By Mitchell B. Reiss
— Thomas Jefferson, in a letter to Samuel Kercheval, July 12, 1816
In this column of last fall’s Trend & Tradition, you may recall that I explored America’s colorful history of Constitutional revision — the successful attempts as well the unsuccessful ones — and invited you to share how you might amend our seminal founding document, given the chance.
The roughly 80 proposals we received in response, ranging in length from a few words to several pages, span everything from repealing portions of the Constitution to leaving it alone entirely. Many of the proposed changes feel inspired by current headlines, tackling such polarizing subjects as eliminating the Electoral College and addressing the status of children of undocumented immigrants.

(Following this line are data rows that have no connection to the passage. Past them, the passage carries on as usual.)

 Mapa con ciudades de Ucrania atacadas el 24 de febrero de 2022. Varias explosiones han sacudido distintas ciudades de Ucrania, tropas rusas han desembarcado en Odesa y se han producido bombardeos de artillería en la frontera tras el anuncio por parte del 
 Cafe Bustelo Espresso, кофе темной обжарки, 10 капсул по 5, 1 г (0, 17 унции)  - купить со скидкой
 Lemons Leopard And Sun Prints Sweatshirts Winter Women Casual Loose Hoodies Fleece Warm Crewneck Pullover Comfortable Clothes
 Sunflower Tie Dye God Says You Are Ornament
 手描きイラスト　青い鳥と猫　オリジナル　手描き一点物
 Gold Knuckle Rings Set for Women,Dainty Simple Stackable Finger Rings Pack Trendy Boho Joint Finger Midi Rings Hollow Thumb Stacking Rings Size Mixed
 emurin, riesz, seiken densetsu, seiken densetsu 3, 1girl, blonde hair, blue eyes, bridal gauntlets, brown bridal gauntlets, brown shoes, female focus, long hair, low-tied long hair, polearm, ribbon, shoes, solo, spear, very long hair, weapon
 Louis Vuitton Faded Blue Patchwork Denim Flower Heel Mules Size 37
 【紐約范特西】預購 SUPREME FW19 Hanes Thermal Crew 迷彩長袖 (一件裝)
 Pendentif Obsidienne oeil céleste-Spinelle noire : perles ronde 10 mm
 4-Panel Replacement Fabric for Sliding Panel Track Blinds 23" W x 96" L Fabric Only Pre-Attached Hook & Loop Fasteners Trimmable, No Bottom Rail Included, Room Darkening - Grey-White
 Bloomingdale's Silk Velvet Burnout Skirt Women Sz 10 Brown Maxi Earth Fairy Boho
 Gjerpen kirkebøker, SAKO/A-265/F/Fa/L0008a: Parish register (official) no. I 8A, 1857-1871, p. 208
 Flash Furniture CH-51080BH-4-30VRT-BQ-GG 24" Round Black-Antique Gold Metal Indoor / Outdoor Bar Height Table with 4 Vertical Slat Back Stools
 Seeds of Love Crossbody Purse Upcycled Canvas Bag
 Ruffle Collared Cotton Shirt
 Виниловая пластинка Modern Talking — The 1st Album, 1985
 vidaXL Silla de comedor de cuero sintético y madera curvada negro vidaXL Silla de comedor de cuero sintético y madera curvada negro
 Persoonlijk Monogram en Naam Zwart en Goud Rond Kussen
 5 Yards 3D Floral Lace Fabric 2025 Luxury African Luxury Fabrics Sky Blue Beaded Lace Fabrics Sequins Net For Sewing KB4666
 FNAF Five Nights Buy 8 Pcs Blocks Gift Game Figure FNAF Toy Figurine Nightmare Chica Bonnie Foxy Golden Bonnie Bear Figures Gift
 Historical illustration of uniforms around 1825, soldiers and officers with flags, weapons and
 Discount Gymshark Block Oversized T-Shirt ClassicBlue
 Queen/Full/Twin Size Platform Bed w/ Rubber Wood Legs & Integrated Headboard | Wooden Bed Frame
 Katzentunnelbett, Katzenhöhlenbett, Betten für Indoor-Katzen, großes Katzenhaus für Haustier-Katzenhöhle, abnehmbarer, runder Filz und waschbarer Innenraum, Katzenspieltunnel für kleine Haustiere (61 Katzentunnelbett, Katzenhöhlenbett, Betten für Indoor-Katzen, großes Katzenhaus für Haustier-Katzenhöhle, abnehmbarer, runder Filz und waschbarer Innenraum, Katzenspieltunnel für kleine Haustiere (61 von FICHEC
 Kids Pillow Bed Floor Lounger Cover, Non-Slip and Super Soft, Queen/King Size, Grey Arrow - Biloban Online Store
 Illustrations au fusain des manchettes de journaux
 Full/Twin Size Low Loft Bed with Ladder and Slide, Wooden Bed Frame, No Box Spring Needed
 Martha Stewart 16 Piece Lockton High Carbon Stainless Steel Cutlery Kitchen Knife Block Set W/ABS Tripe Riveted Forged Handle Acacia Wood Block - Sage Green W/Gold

In other words, you have a lot on your minds — no surprise, of course, given the complex and politically charged times in which we find ourselves. It was a pleasure to read and consider your reflections, a selection which I share here now as food for thought and to further civil discourse, something to which we aspire here each day. While space constraints prevented us from printing every submission in the magazine, you can read more of the responses here.
The Electoral College is a constitutionally created system of electing the president and vice president, in which the number of electors in each state is equal to its number of congressional representatives. But some, like Peter McKenna of Lynn, Massachusetts, feel it is a process that has obliterated the principle of one person, one vote.
“Whichever party controls Congress continuously revises voting area boundaries to benefit their party and sway the election,” McKenna said.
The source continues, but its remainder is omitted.